§ **Data**:
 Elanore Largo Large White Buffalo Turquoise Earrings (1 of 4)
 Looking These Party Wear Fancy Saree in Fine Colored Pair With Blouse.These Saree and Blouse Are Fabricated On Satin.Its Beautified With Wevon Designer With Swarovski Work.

---

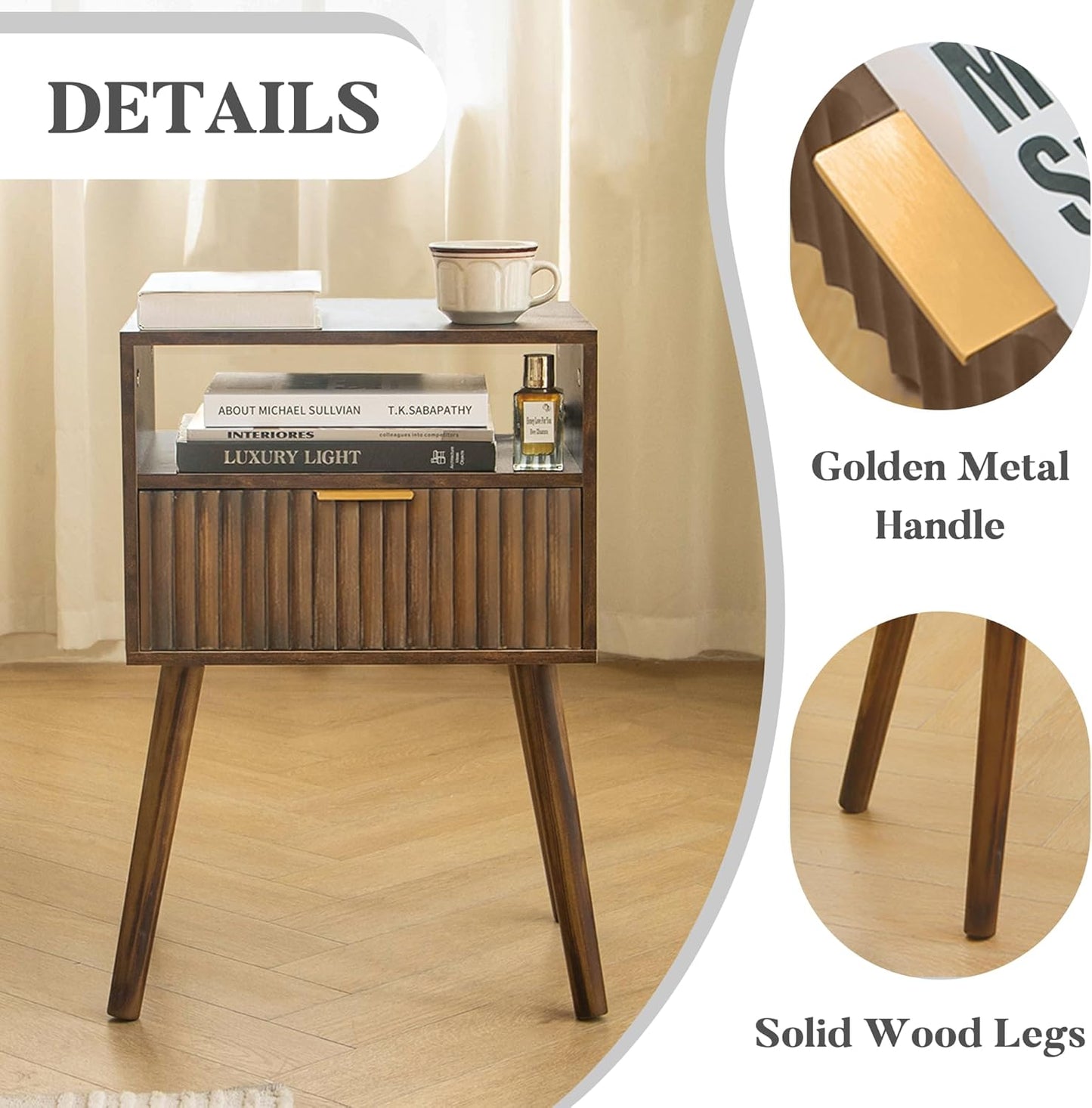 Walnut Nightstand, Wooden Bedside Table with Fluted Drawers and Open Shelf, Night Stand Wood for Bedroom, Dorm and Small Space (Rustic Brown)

==

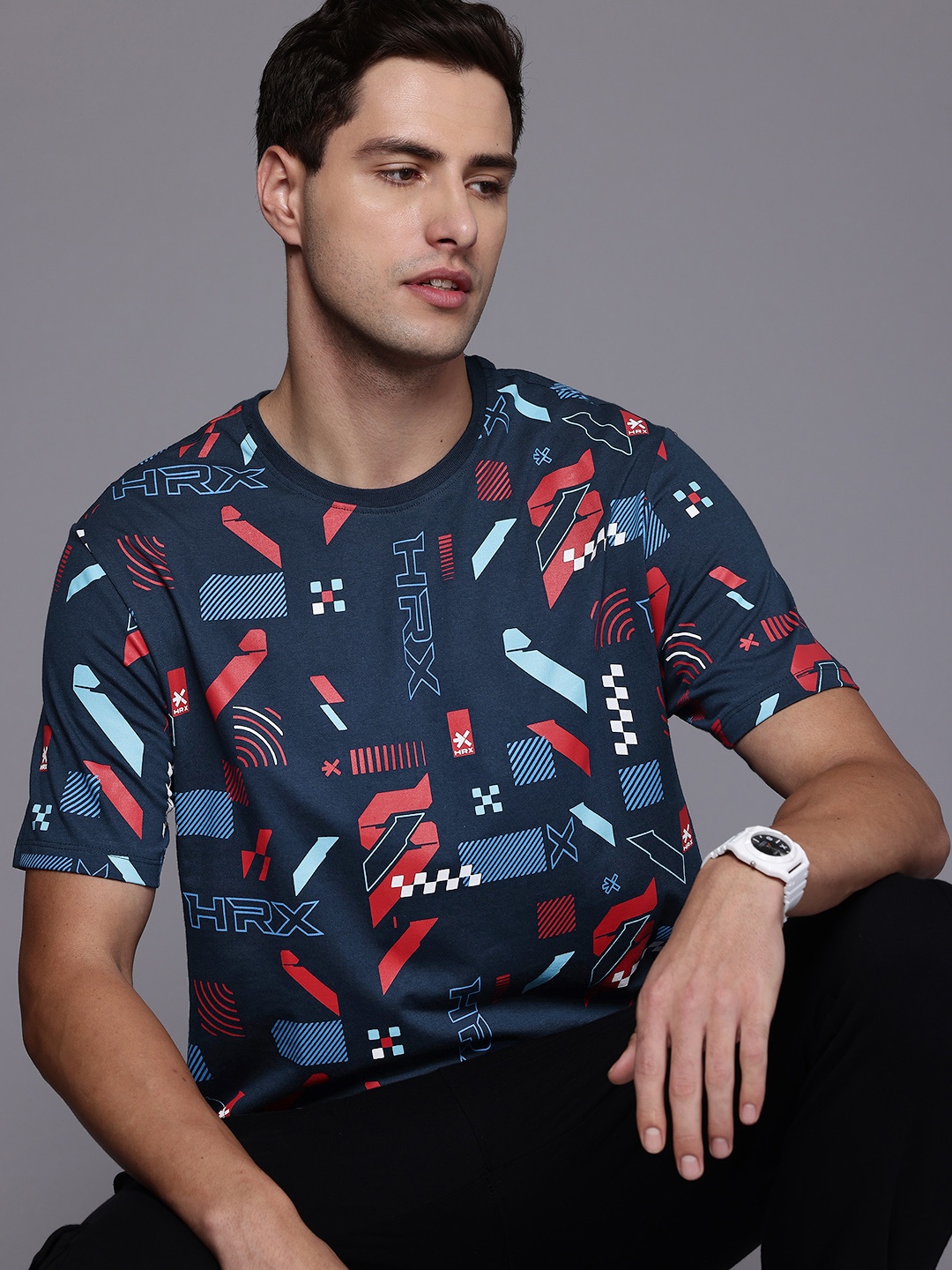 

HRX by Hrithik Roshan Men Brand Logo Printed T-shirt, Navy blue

§ **Exercise**: What are the lines, exactly as written above, from the line with "Elanore Largo Large" to the line with "Looking These Party", both included? Output only those.

§ **Task output**:
 Elanore Largo Large White Buffalo Turquoise Earrings (1 of 4)
 Looking These Party Wear Fancy Saree in Fine Colored Pair With Blouse.These Saree and Blouse Are Fabricated On Satin.Its Beautified With Wevon Designer With Swarovski Work.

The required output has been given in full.